=== WHAT IS NEEDED ===
Exactly reproduce the lines beginning with the line that includes "Thuần Hoá Munchkin - Chap 1 - Trang 36" and ending with the last line of the data.

=== DATASET ===
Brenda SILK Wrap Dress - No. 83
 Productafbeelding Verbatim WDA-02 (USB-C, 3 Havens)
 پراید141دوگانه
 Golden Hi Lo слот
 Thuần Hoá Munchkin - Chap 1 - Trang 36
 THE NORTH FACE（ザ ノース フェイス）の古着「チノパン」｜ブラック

=== EXERCISE ANSWER ===
 Thuần Hoá Munchkin - Chap 1 - Trang 36
 THE NORTH FACE（ザ ノース フェイス）の古着「チノパン」｜ブラック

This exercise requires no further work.